Saturday, June 23, 2018

Ini Mengenai Kesepian yang Sepi. Ternyata


Selama sembilan tahunan aku terus bertanya-tanya, bagaimana caranya menonton film bisa menjadi bagian yang sangat lekat dari hari-hariku di Sint Antoniuslaan. Baru-baru ini saja aku ingat setepat-tepatnya mengapa begitu, yakni ketika aku benar-benar menjalani sendiri hari-hari di Kees Broekmanstraat. Itu karena hari-hariku sepi dan aku kesepian hahaha. Aku ingat di kampung berusaha lagi melakukan hal yang sama, rasanya beda. Di kampung bagaimanapun banyak alternatif pelampau waktu. Di sini seperti inilah, namanya juga di rantau orang.


Lantas, kalau sepi dan kesepian bagaimana? Sungguh enggan betul kujawab pertanyaan ini, sedangkan segala sesuatu rasanya seperti menyelip menyelinap, sedangkan Paul Mauriat melantunkan Sirnanya Cinta. Naluri awalku adalah, jangan dituruti! Apa kau lupa apa yang terjadi selama di Sint Antoniuslaan? Mau mengulanginya lagi? 'Emangnya kau sehat gagah perkakas? Aduhai mengapa setelah Sirnanya Cinta dilanjut dengan Pulang Lagi begini? ‘Tuh ‘kan sudah mulai dengan berondongan kalimat tanya tak bermakna lagi. Apa begini saja caranya merintang sepi?
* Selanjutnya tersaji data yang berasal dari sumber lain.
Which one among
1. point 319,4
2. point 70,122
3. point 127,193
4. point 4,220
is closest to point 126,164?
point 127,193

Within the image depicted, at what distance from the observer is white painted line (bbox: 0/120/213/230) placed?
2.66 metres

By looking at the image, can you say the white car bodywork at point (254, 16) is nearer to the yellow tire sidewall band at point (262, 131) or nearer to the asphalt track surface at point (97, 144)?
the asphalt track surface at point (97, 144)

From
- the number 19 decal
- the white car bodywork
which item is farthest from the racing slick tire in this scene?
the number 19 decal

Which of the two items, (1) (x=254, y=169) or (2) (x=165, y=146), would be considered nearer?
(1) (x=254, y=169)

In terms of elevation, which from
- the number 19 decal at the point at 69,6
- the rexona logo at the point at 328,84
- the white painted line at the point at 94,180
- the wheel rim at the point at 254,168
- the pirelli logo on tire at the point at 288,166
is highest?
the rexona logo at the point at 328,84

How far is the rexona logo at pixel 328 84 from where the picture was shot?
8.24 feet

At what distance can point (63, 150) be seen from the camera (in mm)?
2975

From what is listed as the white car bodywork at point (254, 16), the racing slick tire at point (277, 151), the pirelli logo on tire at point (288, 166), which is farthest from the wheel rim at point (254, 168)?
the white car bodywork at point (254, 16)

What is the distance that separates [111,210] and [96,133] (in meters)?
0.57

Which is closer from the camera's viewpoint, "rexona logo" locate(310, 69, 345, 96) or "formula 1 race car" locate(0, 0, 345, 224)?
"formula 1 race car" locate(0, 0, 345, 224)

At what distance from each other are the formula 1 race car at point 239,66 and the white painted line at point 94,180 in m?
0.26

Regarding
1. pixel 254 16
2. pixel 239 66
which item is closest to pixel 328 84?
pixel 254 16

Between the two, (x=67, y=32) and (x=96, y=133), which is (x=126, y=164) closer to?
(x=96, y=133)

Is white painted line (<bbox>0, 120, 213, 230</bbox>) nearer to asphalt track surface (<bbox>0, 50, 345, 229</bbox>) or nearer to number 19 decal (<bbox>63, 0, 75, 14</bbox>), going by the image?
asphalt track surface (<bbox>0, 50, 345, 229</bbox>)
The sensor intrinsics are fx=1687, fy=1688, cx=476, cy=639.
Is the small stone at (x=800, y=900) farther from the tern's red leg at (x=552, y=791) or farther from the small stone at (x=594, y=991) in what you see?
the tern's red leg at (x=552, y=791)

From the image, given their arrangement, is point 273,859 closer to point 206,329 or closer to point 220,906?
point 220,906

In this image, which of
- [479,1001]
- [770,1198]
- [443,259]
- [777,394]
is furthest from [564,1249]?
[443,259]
Mau jadi apa entri begini. Kurasa memang satu-satunya cara menghentikan berondongan ini adalah dengan menghilangkan tanda tanya. Ya, itu saja tinggal. Aku sedang tidak ingin, atau lebih tepatnya, tidak punya cukup tenaga untuk menyembunyikan apapun, sedangkan Rumahku sekarang tidak tepat berada di tepi Sungai. Sint Antoniuslaan masih mending 'lah. Ini benar-benar laut, atau setidaknya bagian dari teluk. Bison jauh lebih aman, meski aku harus cari sepeda jika ingin ke sana. Hadi sebentar lagi pindah pun.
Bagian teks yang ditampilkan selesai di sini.